Aber wenn Sie auf dem Gipfel sind, können Sie sich schon ausruhen und den Gipfelwein geniessen und die schöne Aussicht bewundern und sich über die kleineren Gipfel rundherum erhaben fühlen. Aber nur nicht zu lange. Denn die Konkurrenz ruht nicht. Sie ruht nie.
Darum: Ein Unternehmer ist nie am Ende eines Auftrages, sondern immer am Anfang!

Nichts ist gefährlicher als der Erfolg. Nichts ist für ein Unternehmen bedrohlicher als gute Zeiten. Das gilt auch für die Politik. Für die Regierung und das Parlament. Auch wenn man dort mit allen Mitteln versucht, die Konkurrenz auszuschalten!

Vorsicht in der Hochkonjunktur

Wenn wir die heutige volkswirtschaftliche Situation betrachten, dann stellen wir eine absolute Hochkonjunktur fest.

Hochkonjunktur ist Gift für die Politik. Nirgendwo wird leichtfertiger Geld ausgegeben, als dort, wo man nicht das eigene Geld ausgibt. Und das ist in der Politik systembedingt der Fall. Jetzt sprudeln die Steuern und mit ihnen wachsen die Begehrlichkeiten. Es werden Milliarden neuer Ausgaben geschaffen, die überhaupt nicht finanzierbar sind. Viele Politiker betreiben reine Wunschzettel-Politik. Das ist fatal. Wir haben Milliarden Schulden und wir haben Milliardenlöcher in den Sozialwerken.

Hochkonjunktur ist allerdings auch Gift für viele Unternehmen. Ein Merkmal der Hoch-konjunktur besteht ja darin, dass praktisch jeder Erfolg hat. Auch der Unfähige. Denn die Fehler wirken sich nicht aus. Geld ist da und wird verdient.

Wenn wir auf das Bild zurückkommen. In Zeiten der Hochkonjunktur kommt jeder auf einen Gipfel, nicht wenige mit der Bergbahn. Das ist verführerisch. Denn die Unfähigen glauben, der Erfolg sei ihrer Arbeit zu verdanken. Aber eigentlich müsste man sagen: Gewisse Unternehmen haben trotz ihrer Führung Erfolg – dank der guten Wirtschaftslage.

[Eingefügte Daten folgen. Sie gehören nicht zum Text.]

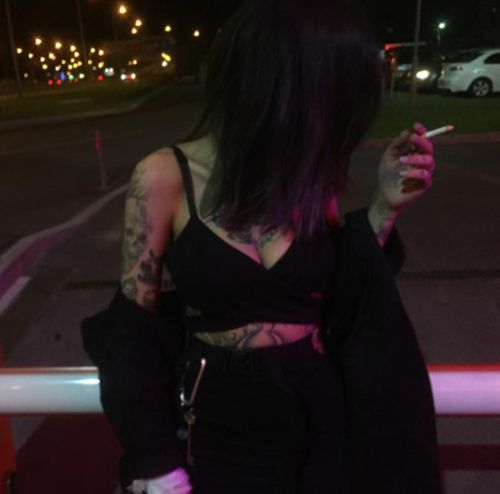 ❝You take all you can 'til there's nothing left.❞

   ⤷  WENDY TESTABURGER
   Not new to rp.
  ⤷ sfw 20+ /Mdni/
   Multi-Shipped w/ chem
  ⤷ Motorcyclist
    #ʟᴜɴᴀᴍᴏᴏɴꜱ🌙
 
ㅎ       .        (𝓣  )o  t𝐡𝐞  mo͠𝗈n         𝆬  ᘝ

Dabei ist eines sicher: Genau heute, in diesen Monaten werden jene Fehler begangen, die sich dann in der Rezession verheerend auswirken. Die Unternehmen werden übermütig. Sie weiten die Produktion aus, wo keine nachhaltige Nachfrage besteht. Sie haben zu viel Geld. Also kaufen Sie zusammen, was sie können. Sie tun das Falsche, weil sie sich die Fehler (vorläufig) leisten können.

Es ist viel schwieriger, ein Unternehmen in guten Zeiten zu führen als in schlechten. Dazu wünsche ich Ihnen die nötige Kraft und Selbstkritik. Nehmen Sie den nächsten Gipfel ins Visier. Verstehen Sie jede bewältigte Aufgabe als den Beginn einer neuen Aufgabe. Dann kommt es gut.